━━ PROVIDED DATA

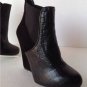 NEW Authentic CANDELA Leigh Croc-Embossed Leather & Suede Ankle Boots (Size 8)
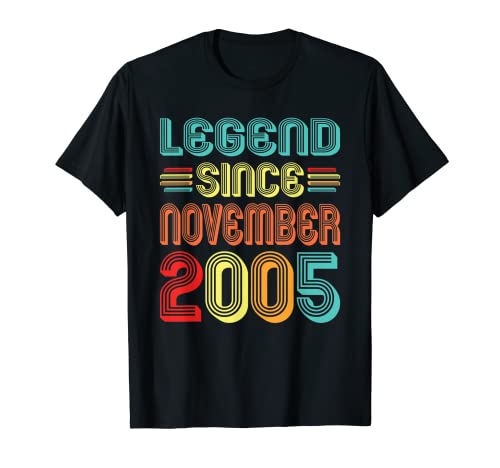 Legend Since November 2005 17th Birthday Retro 17 Years Old T-Shirt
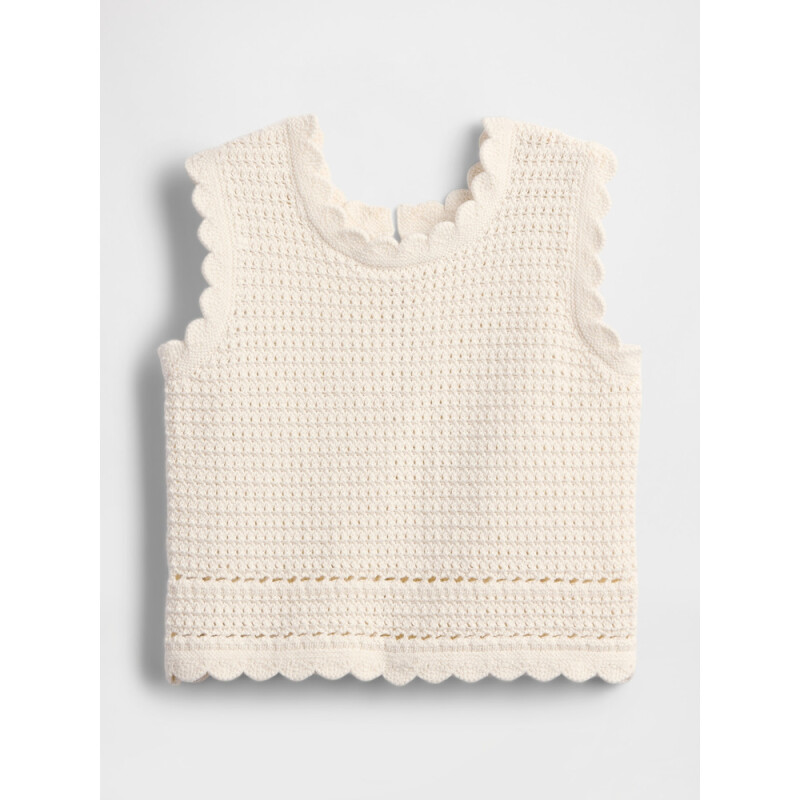 SL CROCHET BTN BACK TOP IVORY FROST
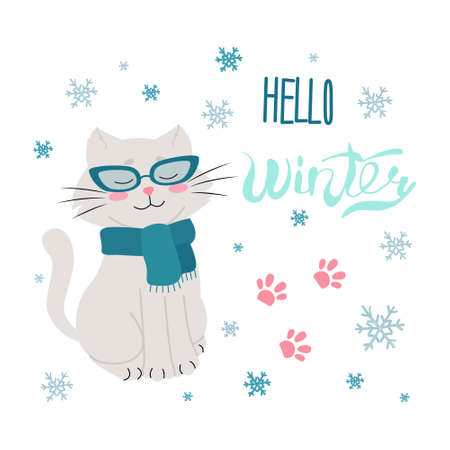 Cat in glasses with a scarf, Handwritten Hello winter, Lettering. Vector illustration in flat style. snowflakes.のイラスト素材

━━━━

:: DIRECTIONS FOR THIS TASK ::
Quote precisely the lines of the data from the line containing "Legend Since November" through its final line, both included, excluding pictures.

:: EXERCISE RESULT ::
 Legend Since November 2005 17th Birthday Retro 17 Years Old T-Shirt
 SL CROCHET BTN BACK TOP IVORY FROST
 Cat in glasses with a scarf, Handwritten Hello winter, Lettering. Vector illustration in flat style. snowflakes.のイラスト素材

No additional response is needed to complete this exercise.